▸ **Assignment**
There is one span to output from the data below: the lines starting at the line with "Shockproof Quicksand Ring" and ending at the line with "Ferrari Parts Ferrari". Output it exactly, ends included, nothing more.

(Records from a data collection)

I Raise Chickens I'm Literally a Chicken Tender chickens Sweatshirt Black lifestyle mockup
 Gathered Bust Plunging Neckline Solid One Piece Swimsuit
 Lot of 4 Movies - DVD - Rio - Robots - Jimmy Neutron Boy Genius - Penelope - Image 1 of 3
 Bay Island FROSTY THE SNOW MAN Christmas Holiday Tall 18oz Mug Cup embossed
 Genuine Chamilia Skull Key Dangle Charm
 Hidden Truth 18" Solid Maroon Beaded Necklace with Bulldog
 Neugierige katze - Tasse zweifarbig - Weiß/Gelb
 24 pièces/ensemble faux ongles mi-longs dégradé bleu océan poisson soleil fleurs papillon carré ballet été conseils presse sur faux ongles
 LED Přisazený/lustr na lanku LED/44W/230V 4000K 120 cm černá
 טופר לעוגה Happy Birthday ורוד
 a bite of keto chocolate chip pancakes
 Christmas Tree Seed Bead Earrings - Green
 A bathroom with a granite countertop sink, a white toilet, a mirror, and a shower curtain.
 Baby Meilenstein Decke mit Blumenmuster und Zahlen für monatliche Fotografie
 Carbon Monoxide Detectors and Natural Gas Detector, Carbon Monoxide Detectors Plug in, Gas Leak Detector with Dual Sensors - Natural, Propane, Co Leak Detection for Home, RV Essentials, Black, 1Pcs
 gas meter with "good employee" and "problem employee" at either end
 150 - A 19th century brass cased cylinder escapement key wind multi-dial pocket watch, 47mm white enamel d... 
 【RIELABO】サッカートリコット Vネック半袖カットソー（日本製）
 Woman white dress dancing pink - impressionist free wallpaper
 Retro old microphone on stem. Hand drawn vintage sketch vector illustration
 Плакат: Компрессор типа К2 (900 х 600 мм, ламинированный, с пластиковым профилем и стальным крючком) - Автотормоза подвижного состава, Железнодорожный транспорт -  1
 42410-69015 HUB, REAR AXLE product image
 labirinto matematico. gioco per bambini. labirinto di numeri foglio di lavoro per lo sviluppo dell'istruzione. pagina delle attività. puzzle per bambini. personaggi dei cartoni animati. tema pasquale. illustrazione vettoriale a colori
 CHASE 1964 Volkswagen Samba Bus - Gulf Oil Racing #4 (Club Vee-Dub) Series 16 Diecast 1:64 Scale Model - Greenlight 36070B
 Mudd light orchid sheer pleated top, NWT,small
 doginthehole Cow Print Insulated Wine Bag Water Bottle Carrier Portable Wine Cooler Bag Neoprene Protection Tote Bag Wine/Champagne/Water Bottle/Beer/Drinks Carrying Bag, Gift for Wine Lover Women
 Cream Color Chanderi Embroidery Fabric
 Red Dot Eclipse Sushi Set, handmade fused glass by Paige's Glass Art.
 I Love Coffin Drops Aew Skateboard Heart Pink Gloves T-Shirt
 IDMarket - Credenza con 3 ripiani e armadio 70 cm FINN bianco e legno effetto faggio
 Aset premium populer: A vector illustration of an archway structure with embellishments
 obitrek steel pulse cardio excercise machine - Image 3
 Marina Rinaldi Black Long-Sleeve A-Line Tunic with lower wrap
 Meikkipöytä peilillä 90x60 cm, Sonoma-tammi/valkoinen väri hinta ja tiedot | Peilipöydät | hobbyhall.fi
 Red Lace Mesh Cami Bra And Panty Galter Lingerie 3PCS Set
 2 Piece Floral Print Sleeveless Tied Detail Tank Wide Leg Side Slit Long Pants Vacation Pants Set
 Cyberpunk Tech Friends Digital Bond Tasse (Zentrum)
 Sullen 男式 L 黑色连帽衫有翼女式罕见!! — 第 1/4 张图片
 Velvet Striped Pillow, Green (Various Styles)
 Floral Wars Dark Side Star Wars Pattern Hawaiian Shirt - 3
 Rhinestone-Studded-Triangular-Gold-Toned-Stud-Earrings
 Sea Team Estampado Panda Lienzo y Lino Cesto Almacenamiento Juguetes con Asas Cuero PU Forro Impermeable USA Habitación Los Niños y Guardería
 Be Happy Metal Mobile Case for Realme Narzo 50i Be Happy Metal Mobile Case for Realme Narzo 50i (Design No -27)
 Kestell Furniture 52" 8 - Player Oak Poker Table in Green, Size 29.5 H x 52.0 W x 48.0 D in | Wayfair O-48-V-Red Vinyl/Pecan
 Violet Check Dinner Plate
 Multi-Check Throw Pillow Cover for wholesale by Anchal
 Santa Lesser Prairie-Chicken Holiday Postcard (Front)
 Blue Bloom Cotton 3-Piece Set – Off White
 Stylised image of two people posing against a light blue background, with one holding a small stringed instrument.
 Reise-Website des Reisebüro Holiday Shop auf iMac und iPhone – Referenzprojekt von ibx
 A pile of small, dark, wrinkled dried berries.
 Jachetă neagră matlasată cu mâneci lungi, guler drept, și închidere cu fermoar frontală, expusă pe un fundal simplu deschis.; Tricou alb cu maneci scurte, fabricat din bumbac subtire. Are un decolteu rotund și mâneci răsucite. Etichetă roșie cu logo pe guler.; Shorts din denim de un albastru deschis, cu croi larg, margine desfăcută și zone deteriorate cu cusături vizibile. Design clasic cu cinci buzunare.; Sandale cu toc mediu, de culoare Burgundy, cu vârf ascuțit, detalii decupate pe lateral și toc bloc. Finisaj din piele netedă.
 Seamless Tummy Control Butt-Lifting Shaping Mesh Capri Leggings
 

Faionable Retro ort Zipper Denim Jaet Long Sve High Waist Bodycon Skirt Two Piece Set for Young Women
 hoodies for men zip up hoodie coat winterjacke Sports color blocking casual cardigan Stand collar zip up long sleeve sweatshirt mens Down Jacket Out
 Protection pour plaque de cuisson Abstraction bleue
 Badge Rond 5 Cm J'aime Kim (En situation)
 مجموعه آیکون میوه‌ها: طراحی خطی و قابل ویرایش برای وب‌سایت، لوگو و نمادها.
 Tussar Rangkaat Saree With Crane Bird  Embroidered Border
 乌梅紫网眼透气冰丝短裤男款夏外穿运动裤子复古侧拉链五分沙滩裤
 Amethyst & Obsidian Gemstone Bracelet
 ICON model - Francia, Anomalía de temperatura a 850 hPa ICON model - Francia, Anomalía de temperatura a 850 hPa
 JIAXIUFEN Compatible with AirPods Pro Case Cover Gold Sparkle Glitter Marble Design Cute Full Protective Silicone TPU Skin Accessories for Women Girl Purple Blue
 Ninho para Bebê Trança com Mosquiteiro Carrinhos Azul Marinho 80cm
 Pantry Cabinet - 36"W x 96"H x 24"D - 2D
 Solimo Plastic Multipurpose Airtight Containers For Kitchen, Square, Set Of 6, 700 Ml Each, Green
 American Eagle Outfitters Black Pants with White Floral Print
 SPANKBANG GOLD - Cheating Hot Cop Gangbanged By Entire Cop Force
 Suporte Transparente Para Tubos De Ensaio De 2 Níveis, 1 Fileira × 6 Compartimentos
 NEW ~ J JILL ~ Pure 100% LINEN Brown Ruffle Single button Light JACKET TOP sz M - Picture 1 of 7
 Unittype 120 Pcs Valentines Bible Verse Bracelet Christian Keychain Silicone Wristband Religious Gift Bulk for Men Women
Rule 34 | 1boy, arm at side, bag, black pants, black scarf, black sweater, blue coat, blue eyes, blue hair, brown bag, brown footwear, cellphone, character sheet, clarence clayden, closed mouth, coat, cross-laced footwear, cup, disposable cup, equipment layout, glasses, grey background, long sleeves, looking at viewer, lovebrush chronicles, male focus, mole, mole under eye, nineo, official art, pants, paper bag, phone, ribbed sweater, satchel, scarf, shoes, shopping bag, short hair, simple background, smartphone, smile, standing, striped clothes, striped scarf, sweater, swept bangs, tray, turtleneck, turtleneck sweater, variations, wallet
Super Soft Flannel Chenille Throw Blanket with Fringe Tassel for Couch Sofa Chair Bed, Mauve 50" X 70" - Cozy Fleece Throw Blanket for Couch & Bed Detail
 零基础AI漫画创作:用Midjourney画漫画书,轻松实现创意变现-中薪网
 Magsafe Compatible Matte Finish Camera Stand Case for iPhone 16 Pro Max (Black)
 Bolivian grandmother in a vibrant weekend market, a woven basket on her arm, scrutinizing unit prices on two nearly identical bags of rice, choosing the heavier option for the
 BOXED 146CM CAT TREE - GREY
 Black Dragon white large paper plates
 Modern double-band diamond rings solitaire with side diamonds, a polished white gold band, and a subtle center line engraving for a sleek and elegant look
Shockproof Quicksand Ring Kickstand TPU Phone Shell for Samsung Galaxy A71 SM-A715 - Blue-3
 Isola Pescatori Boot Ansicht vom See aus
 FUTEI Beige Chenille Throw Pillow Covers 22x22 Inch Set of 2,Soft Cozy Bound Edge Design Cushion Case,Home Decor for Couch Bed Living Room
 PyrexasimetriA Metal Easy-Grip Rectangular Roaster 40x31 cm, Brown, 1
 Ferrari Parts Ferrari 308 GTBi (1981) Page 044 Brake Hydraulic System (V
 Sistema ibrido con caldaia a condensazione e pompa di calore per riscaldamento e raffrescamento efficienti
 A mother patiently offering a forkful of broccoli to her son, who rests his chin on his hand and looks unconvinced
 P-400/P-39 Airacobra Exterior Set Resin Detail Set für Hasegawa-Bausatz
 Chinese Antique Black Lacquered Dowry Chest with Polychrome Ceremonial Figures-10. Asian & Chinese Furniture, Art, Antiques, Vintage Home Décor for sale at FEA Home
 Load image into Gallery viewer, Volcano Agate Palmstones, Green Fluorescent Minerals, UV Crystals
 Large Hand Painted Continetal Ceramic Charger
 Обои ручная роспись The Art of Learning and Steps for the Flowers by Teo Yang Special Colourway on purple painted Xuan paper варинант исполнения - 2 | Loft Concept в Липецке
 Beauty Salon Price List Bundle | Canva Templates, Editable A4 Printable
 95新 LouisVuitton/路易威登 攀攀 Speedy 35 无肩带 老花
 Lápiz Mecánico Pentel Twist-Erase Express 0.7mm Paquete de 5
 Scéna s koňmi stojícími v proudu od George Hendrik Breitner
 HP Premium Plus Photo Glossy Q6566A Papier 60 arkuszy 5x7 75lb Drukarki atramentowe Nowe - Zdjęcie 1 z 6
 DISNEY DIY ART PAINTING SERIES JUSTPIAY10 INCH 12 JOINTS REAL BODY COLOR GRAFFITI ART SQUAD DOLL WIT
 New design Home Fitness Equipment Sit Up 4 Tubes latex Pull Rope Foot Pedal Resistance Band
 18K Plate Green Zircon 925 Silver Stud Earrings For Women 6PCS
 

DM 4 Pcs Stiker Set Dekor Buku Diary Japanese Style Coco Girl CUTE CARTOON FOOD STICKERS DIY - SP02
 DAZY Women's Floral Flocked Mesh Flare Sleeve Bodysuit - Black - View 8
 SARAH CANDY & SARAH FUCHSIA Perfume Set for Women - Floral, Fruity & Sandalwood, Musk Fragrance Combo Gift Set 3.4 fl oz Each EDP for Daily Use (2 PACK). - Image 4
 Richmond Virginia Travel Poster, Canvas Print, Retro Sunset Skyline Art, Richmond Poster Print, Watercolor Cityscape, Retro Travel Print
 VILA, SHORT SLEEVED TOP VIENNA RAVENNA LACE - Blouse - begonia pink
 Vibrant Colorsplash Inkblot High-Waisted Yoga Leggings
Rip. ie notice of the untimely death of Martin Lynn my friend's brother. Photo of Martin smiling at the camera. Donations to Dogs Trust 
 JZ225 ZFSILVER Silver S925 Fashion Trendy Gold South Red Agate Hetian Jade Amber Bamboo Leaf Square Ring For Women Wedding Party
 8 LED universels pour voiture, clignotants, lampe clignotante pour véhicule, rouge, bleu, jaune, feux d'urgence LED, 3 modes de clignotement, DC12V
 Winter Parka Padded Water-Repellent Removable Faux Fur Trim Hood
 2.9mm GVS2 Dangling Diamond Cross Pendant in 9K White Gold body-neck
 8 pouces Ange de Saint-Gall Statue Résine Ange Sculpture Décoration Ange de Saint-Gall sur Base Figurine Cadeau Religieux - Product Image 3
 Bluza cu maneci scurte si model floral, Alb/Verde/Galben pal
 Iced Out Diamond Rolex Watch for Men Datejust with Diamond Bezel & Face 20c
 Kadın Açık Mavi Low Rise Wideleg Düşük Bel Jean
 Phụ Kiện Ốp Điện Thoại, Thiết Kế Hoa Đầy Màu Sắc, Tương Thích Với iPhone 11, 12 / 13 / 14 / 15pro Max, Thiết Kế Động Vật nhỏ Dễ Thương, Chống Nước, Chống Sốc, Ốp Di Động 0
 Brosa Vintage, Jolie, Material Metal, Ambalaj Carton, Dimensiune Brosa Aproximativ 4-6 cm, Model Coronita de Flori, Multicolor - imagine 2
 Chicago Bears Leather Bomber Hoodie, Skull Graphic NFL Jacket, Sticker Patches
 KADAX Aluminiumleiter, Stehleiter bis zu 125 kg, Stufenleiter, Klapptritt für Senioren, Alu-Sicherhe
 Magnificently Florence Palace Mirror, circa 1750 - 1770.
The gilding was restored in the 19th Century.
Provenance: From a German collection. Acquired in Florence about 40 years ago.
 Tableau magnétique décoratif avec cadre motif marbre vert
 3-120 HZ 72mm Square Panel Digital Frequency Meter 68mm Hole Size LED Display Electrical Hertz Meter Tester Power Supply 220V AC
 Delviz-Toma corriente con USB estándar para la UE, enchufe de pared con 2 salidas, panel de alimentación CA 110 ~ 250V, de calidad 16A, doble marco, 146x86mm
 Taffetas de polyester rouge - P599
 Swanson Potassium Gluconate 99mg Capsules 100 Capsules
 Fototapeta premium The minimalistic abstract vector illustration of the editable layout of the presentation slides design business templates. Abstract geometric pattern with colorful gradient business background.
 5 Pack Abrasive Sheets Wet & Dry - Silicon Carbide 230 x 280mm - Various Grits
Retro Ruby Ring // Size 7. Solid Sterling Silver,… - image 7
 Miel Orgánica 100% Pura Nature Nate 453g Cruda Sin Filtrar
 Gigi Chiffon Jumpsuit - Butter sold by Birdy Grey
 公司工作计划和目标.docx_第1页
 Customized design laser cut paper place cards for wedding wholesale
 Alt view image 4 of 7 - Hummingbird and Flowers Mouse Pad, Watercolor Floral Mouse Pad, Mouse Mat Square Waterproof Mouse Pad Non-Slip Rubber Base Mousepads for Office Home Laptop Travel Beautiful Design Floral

▸ **Expected answer**
Shockproof Quicksand Ring Kickstand TPU Phone Shell for Samsung Galaxy A71 SM-A715 - Blue-3
 Isola Pescatori Boot Ansicht vom See aus
 FUTEI Beige Chenille Throw Pillow Covers 22x22 Inch Set of 2,Soft Cozy Bound Edge Design Cushion Case,Home Decor for Couch Bed Living Room
 PyrexasimetriA Metal Easy-Grip Rectangular Roaster 40x31 cm, Brown, 1
 Ferrari Parts Ferrari 308 GTBi (1981) Page 044 Brake Hydraulic System (V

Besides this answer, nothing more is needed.